抗がん剤、地獄の無限ループ

抗がん剤治療はがん細胞を殺しますが、逆にがん細胞を勢いづかせることにも貢献します。ここが一番の問題点だと考えています。

がん細胞は「細胞」ですから、非常に単純な構造をしています。

その為、すぐに「変異」します。インフルエンザウイルスと一緒です。

基本的に、生命は生き残る為に環境に適応しようとします。

がん細胞は、抗がん剤という「環境」に適応するために、自らの遺伝子をチョロっと書き替えてパワーアップするのです。

これが抗がん剤に耐性をもったがん細胞である【ADG. アンチ・ドラッグ・ジーン(反抗がん剤遺伝子)】と呼ばれるものです。

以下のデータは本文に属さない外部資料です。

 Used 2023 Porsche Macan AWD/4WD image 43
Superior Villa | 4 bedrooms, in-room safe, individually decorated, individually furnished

こうなると、今まで使っていた抗がん剤は効きません・・・。

それどころか、より悪性度が増して爆発的に増殖し、全身に転移しやすくなります。

その勢いを抑える為に、次からはもっと強力な抗がん剤が必要になります。

それにより、一旦はがん細胞が減り始めるのですが、しばらくするとその抗がん剤にも耐性がついてきて、またまた増殖し始めます。

以前の記事でも似たようなことを書いたと思うですが、

抗がん剤を投与する → 腫瘍が小さくなる → しばらくするとまた大きくなる → 抗がん剤が効かなくなってきたので、新しい抗がん剤を投与する → 腫瘍が小さくなる → またまた腫瘍が大きくなる → また新しい抗がん剤を・・・、以下無限ループ。

このような「地獄の無限ループ」が始まります。

これまでたくさんの闘病記を読んできましたが、抗がん剤治療を貫徹している人は、ほぼこのパターンに陥っています。

医者もこれまでの臨床経験から、その地獄の無限ループに陥るのは分かっているらしく、抗がん剤治療を始める前から、既に第2、第3の抗がん剤を準備しています。おそらくマニュアル化されてるんでしょう。

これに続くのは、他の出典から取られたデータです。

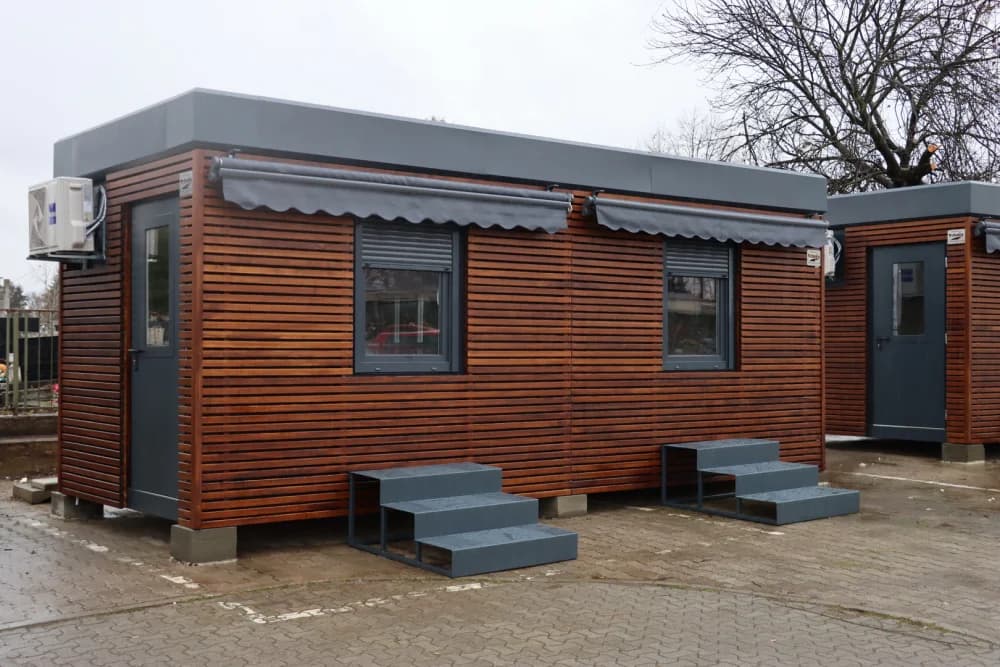 Montirani novi, moderniji prodajni objekti na Gradskom groblju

第3、第4の抗がん剤でガンの勢いが止まればいいんですが、止まっている闘病ブログに出会ったことが少ないですし、むしろ、勢いを増長させている気すらします。

ガンと医療のシーソーゲームは、最終的には医療が負けます。
それが「がん治療の現実」です。

それでもきっと延命効果は出ているのでしょう・・・。

それで医療側も患者側も自分自身を納得させているんでしょうが、私達はなんのために治療するのでしょうか?

  • ガンを完治させるためでしょうか?
  • (完治は無理なので)延命効果を得るためでしょうか?
  • ガンと共存するためでしょうか?

どれも間違いではありませんが、根底にあるのは「幸せになるため」ではないでしょうか?あなたは幸せになっていますか?周りや家族は幸せになっていますか?

家族全員がガン患者であり、過酷な経験をしてきた私が思うに、もっと広い視点から「がん治療」というものを捉える必要があると思うのです。

そうじゃないと、みんなが不幸になりますよ。

「幸せ」とバッティングするものは、たとえどんなに効果があるものであっても「採用すべきではない」と、私は思います。

~ 追記:2018年5月14日 ~


抗がん剤治療がうまくいっているケースは、1番目か、もしくは2番目の抗がん剤でがんの勢いを抑えることが出来た場合。つまり、腫瘍の増大も縮小も起こらず、安定している場合です。

そのまま腫瘍が100%消失して治るケースもないわけではありませんが、そんなことは「まれ」ですし、手術で取り切れるほど小さくすることが出来たならば、医者は根治手術を検討するでしょう。

これは、抗がん剤治療が最高に上手くいったケースです。

ただ、それは抗がん剤が効いたというより、その人に合った抗がん剤の「適量」を見つけられた医師の力量が凄いのです。これについては、後ほど解説します。

標準治療において、ガンを完治出来る可能性が高いのは、根治手術が可能な場合です。それ以外ですと、腫瘍を完全に消し去ることは難しい・・・。基本的には「延命」という方針で治療が進むのです。

「(ある種のガンを除けば)抗がん剤で腫瘍を小さくすることは出来るが、完全に消し去ることは出来ない」ことくらい、医者にとっては常識なのです。

だから「奏効率」なんていう、ほとんど治療効果とは関係がないような概念が作られるのです。